Plane & Fancy

Greg N. Frederickson


As befits a book on recreational mathematics, this one has been great fun to write, in part because I let my curiosity lead the way. It was a revelation to survey the original puzzle columns of Dudeney in The Strand Magazine of the 1910s and 1920s. It was fascinating to dig out even earlier references and make connections that other authors had missed. It was intriguing to collect biographical information on the people who have made a contribution to this area.

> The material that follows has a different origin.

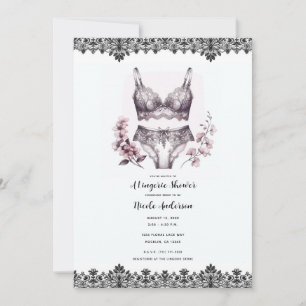 Rosa Blumen und schwarze Spitze: Lacey Unterwäsche Einladung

I hope that the book will also be great fun to read. The intended audience is anyone who has had a course in high school geometry and thought that regular hexagons were rather pretty. I have used some other high school math here and there. If you find some of the formulas tough sledding, you should be able to skip over them without much lost. Likewise, if you skip over the algorithmlike Descriptions of methods in Chapters 7-9, you won't lose much but can be comforted that precise Descriptions do exist. On the other hand, if you get intrigued with some topic and want to follow up on it, I have provided additional comments and references, ordered by chapter, in the Afterword.

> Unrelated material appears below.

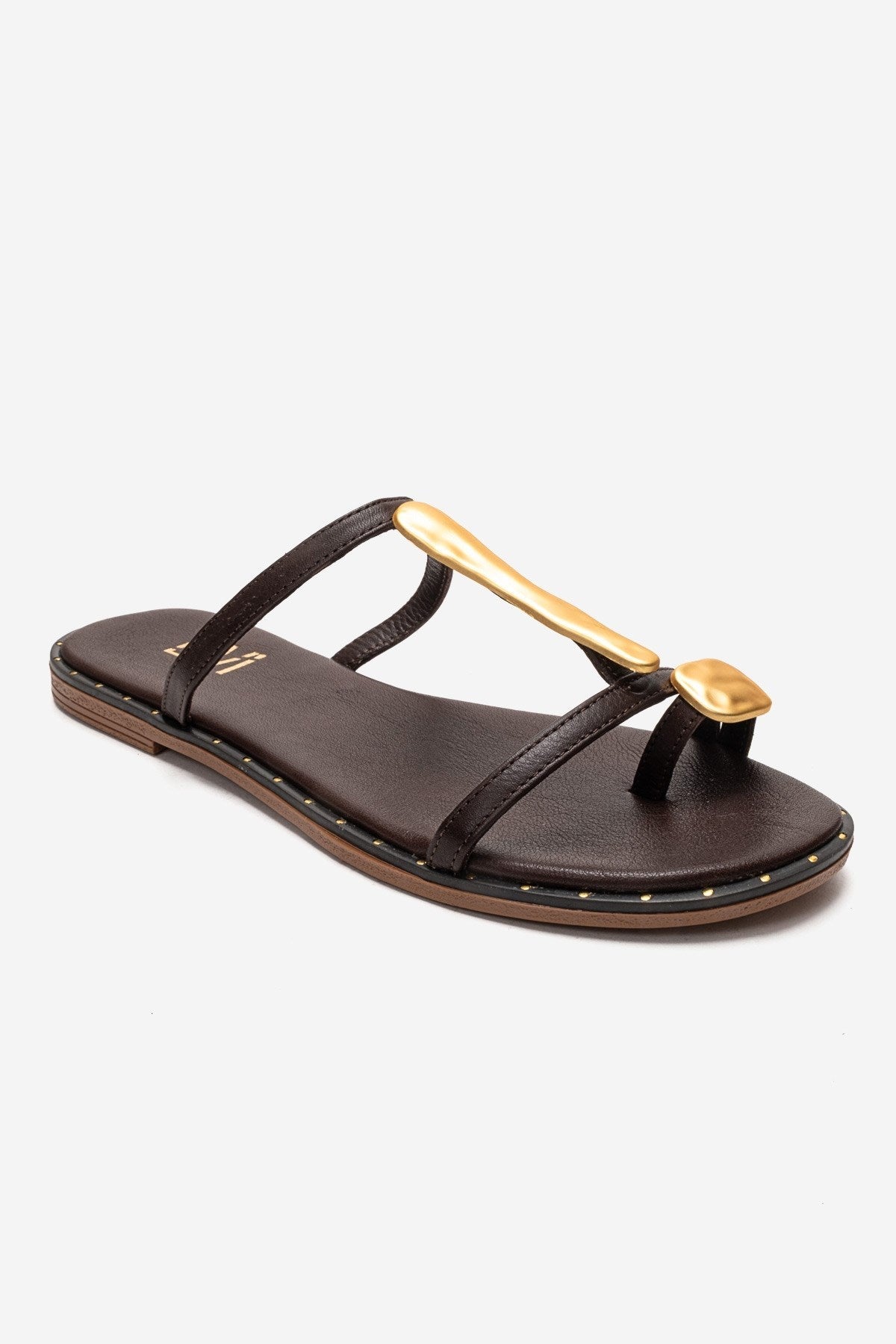 Tessa - Brown Genuine Leather Thong Sandal – detail view showing leather, Vowalisse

It has been a surprise to see how many people have contributed to whatever success this book may enjoy. First are those who have produced new dissections, in quality and quantity substantially greater than I had imagined. I gratefully acknowledge the permission of Diulio Carpitella, Anton Hanegraaf, Bernard Lemaire, David Paterson, Robert Reid, Gavin Theobald, and Alfred Varsady to reproduce their unpublished or privately published dissections.

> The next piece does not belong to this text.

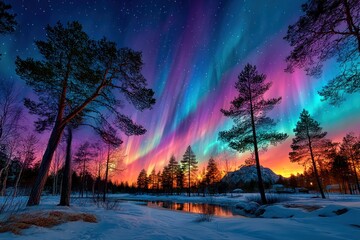 Winter wonderland aurora borealis (1)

Martin Gardner is the unofficial godfather of this book. A letter from him got me thinking about dissections again in 1991. And when I started on the book in 1994, he was generous with his help and advice. Some of his leads were crucial. He forwarded a decade- old letter from Robert Reid that led to an especially fruitful interaction. And Martin also put me in touch with Will Shortz, and that contact led to a fortunate chain of events. Will generously provided me with the citations to the earlier versions of dissection puzzles that later appeared in Sam Loyd's Cyclopedia. And Will also told Jerry Slocum what I was up to. Jerry clued me in to the trade cards that Sam Loyd had produced, and he shared copies from his puzzle collection with me. Jerry also alerted me to David Singmaster's wonderful work on sources of recreational mathematics. David shared an electronic copy of his book, and xerox copies of Dudeney's puzzle columns in the Weekly Dispatch, too. David's sources book helped me focus on earlier historical material. It also led to my contact with Anton Hanegraaf, who generously shared his treasure trove of unpublished material with me. Anton also provided a scholarly critique of a draft of my first chapter on solid dissections, accompanied by an additional annotated bibliography.